Two Drivers Shaping the AI Economy

As founders start building and scaling, two constraints show up almost immediately: cost and regulation.

Both are easy to underestimate early and hard to fix later.

Here are two shifts worth paying attention to.

Trend #1: The New Layer — Tools That Help Companies Manage AI Costs at Scale

Inference costs have dropped significantly because of better models, better hardware, and more competition.

At the same time, companies are spending more on AI than ever, according to the Oplexa report.

Why?

Because we are moving from simple chatbots to agents and AI workflows.

A chatbot might make one model call.

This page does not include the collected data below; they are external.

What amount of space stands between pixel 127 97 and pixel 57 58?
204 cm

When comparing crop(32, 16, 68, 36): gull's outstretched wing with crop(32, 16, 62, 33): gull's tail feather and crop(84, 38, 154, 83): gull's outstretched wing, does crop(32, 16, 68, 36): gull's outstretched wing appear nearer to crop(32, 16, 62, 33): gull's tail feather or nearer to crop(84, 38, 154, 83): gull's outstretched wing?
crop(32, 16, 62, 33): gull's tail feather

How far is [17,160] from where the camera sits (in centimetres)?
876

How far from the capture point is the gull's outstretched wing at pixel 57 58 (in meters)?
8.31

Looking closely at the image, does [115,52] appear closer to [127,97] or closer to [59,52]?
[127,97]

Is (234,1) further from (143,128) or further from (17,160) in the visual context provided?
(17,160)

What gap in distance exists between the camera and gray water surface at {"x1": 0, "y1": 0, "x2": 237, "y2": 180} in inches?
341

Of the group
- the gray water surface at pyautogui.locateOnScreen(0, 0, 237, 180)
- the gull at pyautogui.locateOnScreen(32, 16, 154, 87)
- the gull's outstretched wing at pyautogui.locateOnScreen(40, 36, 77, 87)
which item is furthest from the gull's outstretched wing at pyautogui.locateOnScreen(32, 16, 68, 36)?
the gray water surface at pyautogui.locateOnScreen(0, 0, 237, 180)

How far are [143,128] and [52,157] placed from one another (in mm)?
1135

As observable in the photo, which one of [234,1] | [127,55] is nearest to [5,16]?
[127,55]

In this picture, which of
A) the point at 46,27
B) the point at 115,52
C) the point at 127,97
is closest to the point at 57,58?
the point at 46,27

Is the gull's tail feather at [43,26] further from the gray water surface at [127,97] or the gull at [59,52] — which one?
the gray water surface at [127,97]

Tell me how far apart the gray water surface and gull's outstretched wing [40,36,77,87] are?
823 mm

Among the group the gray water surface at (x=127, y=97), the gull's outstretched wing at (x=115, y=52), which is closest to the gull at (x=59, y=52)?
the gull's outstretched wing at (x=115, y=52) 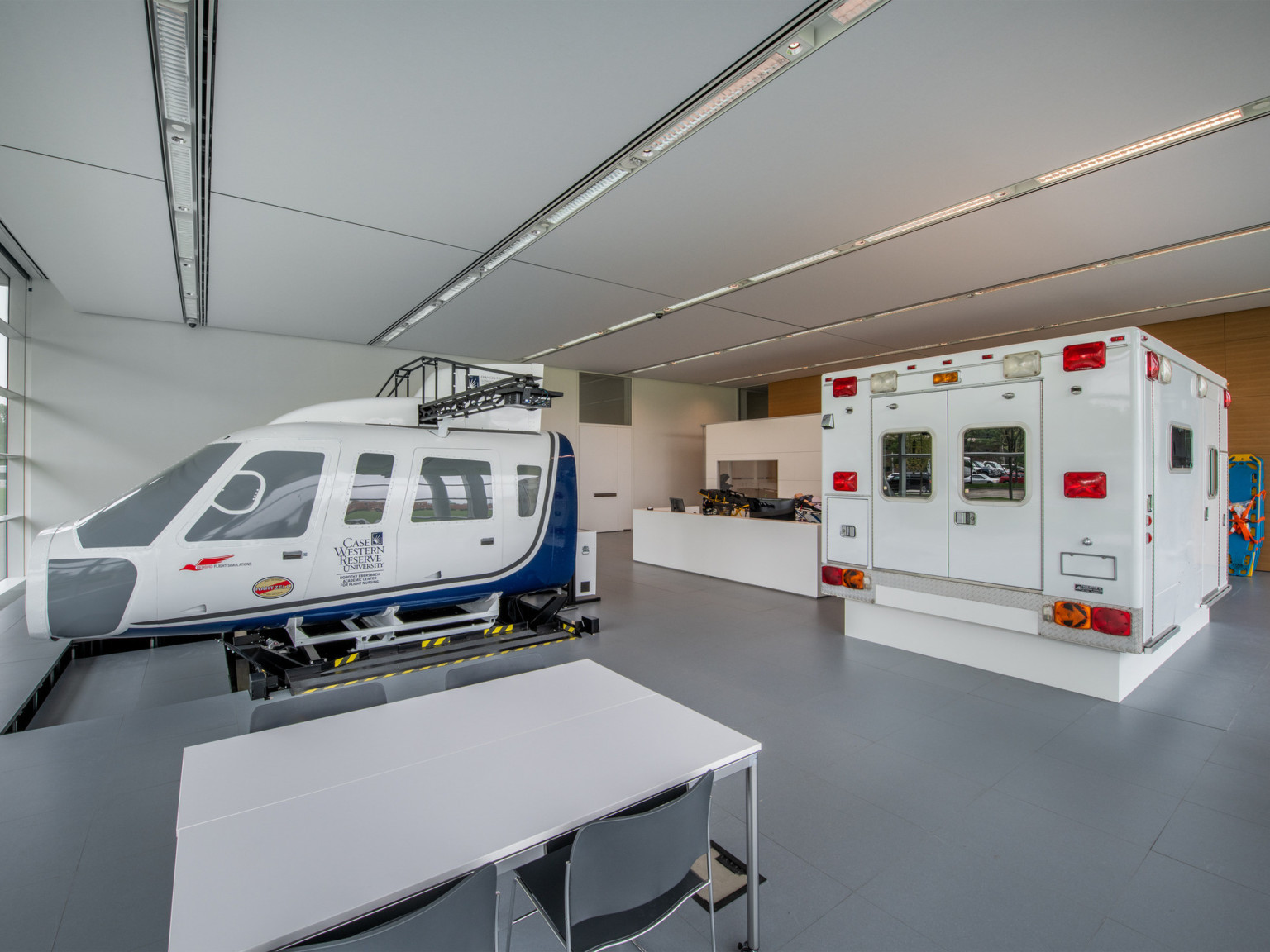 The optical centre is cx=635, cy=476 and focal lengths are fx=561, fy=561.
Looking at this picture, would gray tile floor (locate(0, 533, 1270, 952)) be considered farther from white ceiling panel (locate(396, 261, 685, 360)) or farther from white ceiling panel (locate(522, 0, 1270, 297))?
white ceiling panel (locate(396, 261, 685, 360))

A workflow can trigger dozens: retrieval, reasoning steps, retries, and background jobs.

The more useful AI becomes, the more inference it consumes.

From a startup perspective, this is very important because many AI startups today are built on top of external model APIs — OpenAI, Anthropic, or similar providers.

That means their unit economics depend on inference costs they do not control.

If pricing changes — and it most likely will in the near future — or usage grows faster than expected, margins can disappear very quickly.

So the companies that win will not be the ones with the cheapest model calls.

They will be the ones that:

  • Minimize tokens per task

  • Use smaller models where possible

  • Run inference locally when volume is high

  • Design workflows efficiently from day one

In other words, inference economics is becoming a core competency.

We are already seeing companies building tools for inference optimization and managing AI costs at scale — and we have invested in some of them.

I think this will become one of the most important metrics in AI businesses over the next few years.

Trend #2: Regulation Is Becoming Part of Product Design

2025 was the first year multiple US states introduced bills explicitly targeting AI chatbots.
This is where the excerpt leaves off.